DATA RECORDS below:

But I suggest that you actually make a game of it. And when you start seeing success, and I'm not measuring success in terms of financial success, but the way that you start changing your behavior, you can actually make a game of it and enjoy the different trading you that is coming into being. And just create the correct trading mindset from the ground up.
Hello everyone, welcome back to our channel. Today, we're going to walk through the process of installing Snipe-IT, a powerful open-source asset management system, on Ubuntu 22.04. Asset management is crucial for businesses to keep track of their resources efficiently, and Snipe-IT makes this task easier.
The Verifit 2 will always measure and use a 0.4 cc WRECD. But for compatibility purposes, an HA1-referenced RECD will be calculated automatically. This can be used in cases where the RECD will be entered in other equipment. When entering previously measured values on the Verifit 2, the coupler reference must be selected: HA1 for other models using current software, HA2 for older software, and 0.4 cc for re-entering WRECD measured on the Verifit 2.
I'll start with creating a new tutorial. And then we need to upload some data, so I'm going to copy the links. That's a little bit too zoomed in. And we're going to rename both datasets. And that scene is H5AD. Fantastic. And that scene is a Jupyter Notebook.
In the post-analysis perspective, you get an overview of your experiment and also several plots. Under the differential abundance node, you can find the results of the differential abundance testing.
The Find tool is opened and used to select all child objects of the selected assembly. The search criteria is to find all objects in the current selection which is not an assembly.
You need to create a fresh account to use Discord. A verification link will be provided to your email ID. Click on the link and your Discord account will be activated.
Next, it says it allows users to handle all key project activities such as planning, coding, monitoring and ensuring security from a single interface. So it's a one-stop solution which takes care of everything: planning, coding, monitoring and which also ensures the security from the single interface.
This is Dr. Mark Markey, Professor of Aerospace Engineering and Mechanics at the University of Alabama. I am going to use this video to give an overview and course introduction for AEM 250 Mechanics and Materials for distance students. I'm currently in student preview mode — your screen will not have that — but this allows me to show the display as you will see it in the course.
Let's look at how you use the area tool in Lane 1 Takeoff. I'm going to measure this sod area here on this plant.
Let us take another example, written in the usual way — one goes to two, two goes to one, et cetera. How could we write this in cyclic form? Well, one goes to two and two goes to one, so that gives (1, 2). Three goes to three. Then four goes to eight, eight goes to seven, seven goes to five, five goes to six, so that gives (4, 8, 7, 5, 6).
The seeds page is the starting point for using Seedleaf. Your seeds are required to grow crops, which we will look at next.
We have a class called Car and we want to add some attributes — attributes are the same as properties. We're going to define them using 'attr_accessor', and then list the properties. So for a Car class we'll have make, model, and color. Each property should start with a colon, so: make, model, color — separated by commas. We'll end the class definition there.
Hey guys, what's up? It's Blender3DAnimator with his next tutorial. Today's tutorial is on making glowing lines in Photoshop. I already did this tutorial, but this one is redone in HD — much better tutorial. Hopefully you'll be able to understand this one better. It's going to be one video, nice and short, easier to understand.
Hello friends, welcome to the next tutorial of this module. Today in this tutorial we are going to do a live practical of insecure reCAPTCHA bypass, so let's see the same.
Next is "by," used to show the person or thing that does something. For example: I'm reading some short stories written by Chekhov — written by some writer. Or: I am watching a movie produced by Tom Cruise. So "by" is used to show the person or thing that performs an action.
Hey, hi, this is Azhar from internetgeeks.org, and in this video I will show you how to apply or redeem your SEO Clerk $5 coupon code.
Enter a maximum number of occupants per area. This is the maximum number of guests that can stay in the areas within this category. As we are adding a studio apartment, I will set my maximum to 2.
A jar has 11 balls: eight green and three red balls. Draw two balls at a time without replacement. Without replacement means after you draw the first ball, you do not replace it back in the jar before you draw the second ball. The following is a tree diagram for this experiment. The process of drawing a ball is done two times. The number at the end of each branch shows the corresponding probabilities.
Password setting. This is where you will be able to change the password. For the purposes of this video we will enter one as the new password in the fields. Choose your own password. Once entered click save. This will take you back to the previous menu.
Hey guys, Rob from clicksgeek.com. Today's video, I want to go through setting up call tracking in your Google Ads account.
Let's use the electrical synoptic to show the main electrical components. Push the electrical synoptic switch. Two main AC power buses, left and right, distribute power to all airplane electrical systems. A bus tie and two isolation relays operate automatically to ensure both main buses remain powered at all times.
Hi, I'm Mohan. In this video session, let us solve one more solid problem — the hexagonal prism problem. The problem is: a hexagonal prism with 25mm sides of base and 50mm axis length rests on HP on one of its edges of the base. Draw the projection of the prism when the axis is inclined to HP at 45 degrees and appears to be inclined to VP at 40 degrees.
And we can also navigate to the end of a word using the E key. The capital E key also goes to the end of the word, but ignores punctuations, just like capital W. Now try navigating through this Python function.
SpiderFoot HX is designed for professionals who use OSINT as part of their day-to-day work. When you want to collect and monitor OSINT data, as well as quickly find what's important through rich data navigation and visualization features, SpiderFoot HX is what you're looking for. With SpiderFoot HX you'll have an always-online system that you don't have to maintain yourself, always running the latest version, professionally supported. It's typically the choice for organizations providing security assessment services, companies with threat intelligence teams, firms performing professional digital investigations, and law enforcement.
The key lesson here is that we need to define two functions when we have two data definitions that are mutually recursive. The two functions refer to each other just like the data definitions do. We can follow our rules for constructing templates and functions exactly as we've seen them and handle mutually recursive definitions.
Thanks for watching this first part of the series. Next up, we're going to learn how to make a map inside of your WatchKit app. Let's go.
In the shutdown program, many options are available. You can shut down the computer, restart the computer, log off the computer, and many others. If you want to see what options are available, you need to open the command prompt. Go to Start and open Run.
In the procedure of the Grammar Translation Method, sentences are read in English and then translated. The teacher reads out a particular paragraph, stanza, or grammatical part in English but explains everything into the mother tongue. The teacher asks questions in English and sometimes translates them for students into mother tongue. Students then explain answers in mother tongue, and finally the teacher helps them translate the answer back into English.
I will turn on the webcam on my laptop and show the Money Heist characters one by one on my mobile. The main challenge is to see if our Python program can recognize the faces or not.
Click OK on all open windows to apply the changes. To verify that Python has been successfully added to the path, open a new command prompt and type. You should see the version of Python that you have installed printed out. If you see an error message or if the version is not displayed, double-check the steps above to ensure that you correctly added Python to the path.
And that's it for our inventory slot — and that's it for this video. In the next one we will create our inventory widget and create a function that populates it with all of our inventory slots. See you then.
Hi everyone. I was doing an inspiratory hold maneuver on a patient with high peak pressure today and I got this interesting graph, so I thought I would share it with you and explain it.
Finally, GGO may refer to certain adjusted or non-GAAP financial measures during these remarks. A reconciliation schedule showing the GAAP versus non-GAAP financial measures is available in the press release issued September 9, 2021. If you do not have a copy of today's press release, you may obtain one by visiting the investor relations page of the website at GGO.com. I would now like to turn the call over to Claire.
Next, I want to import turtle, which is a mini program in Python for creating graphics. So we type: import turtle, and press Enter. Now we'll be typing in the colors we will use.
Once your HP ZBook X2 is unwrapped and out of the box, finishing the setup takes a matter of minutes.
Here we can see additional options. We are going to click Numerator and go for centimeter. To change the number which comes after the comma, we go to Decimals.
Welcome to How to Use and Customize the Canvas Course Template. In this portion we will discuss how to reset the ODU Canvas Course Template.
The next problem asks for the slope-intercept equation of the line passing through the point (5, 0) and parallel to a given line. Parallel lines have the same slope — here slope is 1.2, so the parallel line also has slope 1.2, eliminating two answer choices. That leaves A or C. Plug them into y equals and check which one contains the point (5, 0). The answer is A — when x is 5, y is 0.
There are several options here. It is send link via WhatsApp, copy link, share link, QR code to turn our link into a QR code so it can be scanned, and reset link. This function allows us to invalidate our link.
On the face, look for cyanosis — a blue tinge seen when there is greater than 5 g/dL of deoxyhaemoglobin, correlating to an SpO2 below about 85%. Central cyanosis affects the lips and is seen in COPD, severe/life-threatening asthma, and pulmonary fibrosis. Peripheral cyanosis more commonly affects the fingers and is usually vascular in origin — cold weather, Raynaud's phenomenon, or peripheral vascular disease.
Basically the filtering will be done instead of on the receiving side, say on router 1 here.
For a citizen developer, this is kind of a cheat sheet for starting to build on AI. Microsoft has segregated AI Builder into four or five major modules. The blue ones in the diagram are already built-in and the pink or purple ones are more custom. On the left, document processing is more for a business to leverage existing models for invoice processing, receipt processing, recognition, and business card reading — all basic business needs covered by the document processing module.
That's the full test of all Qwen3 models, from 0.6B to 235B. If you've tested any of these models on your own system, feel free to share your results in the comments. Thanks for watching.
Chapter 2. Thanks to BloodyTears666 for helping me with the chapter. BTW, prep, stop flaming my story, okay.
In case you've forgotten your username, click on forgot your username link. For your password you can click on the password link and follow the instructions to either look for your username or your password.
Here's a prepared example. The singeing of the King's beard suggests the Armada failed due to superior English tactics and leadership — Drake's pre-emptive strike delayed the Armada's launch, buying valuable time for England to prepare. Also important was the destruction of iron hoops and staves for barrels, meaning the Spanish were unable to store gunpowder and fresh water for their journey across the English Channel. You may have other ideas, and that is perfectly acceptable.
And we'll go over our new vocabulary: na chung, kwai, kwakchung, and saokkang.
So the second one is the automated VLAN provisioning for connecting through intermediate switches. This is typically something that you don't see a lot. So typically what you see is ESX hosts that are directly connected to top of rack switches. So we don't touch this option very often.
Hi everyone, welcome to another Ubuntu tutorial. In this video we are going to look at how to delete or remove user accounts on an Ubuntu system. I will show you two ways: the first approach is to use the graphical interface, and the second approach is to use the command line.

End of DATA RECORDS.

- **WORK TASK**:
Restate word for word only the lines above from the line containing "Here we can" to the line containing "Welcome to How", both of them included.

- **FINISHED TASK**:
Here we can see additional options. We are going to click Numerator and go for centimeter. To change the number which comes after the comma, we go to Decimals.
Welcome to How to Use and Customize the Canvas Course Template. In this portion we will discuss how to reset the ODU Canvas Course Template.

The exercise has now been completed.